The speaker argues that a startup’s first version should be a **minimum evolvable product**—simple enough to survive contact with a tiny group of early users who are willing to try something new or have a burning problem. Finding those users is a search problem, not a persuasion problem: look for early‑adopter types (people who enjoy testing new tools) or those with a pressing need you can solve. Charge them real money early to get sharp feedback, use personalized outreach, launch quickly to broaden your discovery surface, and treat early users like anthropologists study a hidden culture—observe their decisions, experiment relentlessly, and don’t fear churn. Their feedback steers the product’s evolution, much like natural selection shapes a phylogenetic tree; early adopters’ preferences (e.g., Tesla Roadster buyers valuing speed and tech over comfort) determine the trajectory of later, mass‑market versions. Ultimately, the product’s final form depends on where you start and who you start with.

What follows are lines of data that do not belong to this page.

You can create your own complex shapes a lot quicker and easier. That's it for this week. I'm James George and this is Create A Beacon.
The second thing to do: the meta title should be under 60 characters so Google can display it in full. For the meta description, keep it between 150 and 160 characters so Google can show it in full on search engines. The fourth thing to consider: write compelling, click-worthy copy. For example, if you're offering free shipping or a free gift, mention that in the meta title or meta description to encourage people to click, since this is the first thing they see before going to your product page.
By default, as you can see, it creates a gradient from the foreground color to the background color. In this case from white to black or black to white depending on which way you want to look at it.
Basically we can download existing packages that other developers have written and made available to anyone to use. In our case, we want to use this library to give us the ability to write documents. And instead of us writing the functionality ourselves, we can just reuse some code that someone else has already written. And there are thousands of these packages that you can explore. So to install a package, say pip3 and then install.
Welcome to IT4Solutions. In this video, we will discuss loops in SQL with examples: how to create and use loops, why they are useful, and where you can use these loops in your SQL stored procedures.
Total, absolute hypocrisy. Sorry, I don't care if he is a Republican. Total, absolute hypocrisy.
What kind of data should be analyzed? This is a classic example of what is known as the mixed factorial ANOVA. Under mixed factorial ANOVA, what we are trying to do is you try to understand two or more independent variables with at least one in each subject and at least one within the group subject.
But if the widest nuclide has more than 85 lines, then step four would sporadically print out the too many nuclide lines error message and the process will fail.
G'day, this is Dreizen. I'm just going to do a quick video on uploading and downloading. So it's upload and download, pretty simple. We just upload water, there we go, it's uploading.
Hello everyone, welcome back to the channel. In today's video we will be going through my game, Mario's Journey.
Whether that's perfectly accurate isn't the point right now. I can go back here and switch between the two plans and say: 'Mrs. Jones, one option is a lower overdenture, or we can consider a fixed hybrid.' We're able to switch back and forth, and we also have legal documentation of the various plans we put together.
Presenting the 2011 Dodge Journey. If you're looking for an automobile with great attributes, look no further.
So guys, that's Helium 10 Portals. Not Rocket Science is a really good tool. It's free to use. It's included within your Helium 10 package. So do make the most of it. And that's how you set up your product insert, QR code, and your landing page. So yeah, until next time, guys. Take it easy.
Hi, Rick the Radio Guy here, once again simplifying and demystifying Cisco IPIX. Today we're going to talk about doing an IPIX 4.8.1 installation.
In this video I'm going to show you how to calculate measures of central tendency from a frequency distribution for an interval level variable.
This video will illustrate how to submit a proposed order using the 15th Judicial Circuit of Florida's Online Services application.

1. Most people are not early adopters.
2. Most people have used zero products where they were among the first 10 users.
3. Almost no one wants to be a startup's first paying customer.
4. Every great product still manages to find a few people willing to take that leap.
5. The earliest version of a product only needs to survive contact with a tiny group of people who might try it.
6. Gustav, a colleague, worked at Airbnb for years and enjoyed trying out products from startups and bringing them into the company.
7. Some people have a burning issue that makes them willing to try any new product that could make their life easier.
8. When the speaker's team needed to ship their first inference API, they wanted to ship it fast and avoid dealing with billing or a public endpoint.
9. Within three days, the speaker found and paid a startup whose product solved that issue.
10. The speaker was that startup's first customer.
11. The startup's size or reputation did not matter; the speaker's problem did.
12. Early adopters and people with a burning problem are rarely price sensitive.
13. Paying customers give sharper feedback than free users.
14. An angry customer paying a lot of money is more likely to give feedback than a non‑paying nobody.
15. Targeted personal outreach (e.g., cold email, door knock) is more effective than billboards for reaching early users.
16. Launching early creates a wide surface area for early users to find the product.
17. Founders should study early users closely, like anthropologists studying a hidden civilization.
18. Founders should run constant experiments on pricing, landing pages, onboarding, features, etc.
19. Losing an early user is not catastrophic because many others have not yet heard of the product.
20. When a startup runs a bad experiment, no one writes about it; they fight relevance, not headlines.
21. The average personal software spend is tiny (e.g., about $150 per month).
22. Corporate cards often have multiple tools each costing more than that personal monthly spend.
23. In the AI era, consumer apps struggle because ads often don't cover AI costs and subscriptions must fit into a small personal budget.
24. Many AI founders start by selling to prosumers, businesses, or users with high advertising value (e.g., doctors).
25. Early users give feedback that steers how the product evolves over time.
26. Tesla's early product, the Roadster, was a high‑margin vehicle used to fund capex for the Model S and later models.
27. Tesla searched for early adopters willing to buy an impractical, expensive car with limited range and charging infrastructure.
28. Early adopters cared more about tech and acceleration than comfort, influencing the Model Y's performance characteristics.
29. The Model Y has a faster zero‑to‑60 than a Lamborghini and better tech than a BMW, but worse suspension and comfort than a Toyota.
30. If early adopters had preferred a slow, plush vehicle, Tesla's cars would look different today.
31. A product's first version should be a minimum evolvable product—simple enough to respond to market pressures and evolve.
32. The product will change a lot, so it does not need to be perfect from the start.
33. The final product will depend on the starting point and the early users involved.